▸ DIRECTIONS
Restate word for word the lines in the listing below, starting at the line containing "BMW i4 — фото 9" and ending at the line containing "Photo 34 at", both included; leave out the rest.

-- SOURCE DATA follows --

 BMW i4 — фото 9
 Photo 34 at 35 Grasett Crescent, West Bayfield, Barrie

-- SOURCE DATA concluded --
-- SOURCE DATA follows --

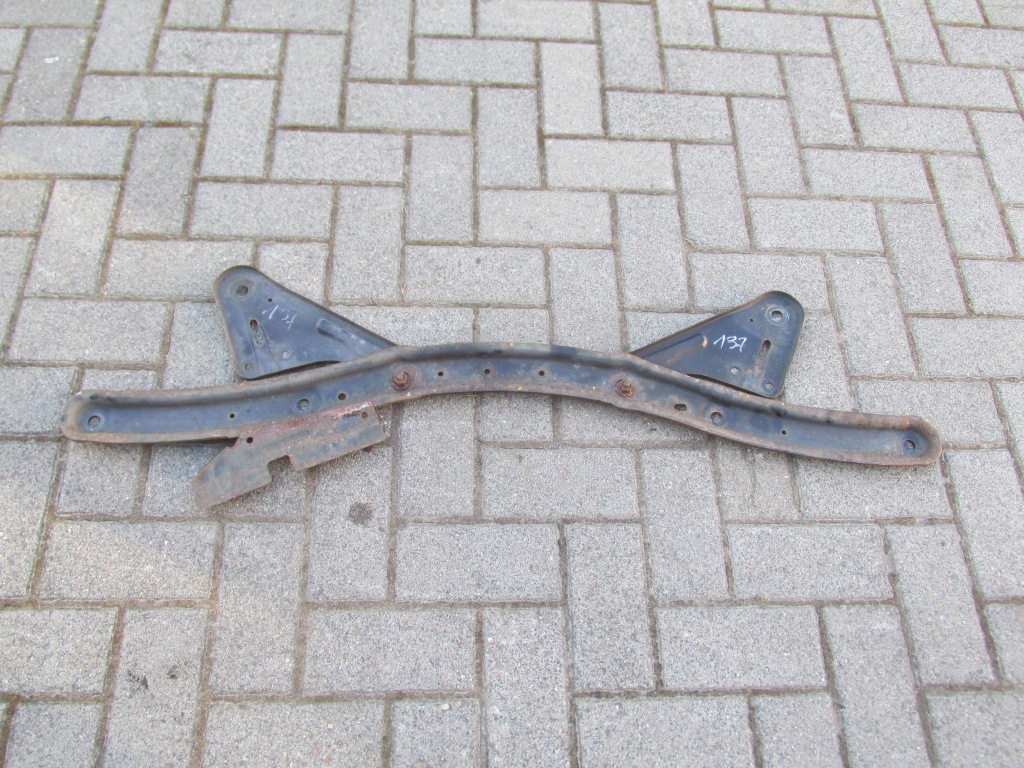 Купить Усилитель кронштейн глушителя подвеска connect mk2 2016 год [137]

-- SOURCE DATA concluded --

▸ WRITTEN REPLY
 BMW i4 — фото 9
 Photo 34 at 35 Grasett Crescent, West Bayfield, Barrie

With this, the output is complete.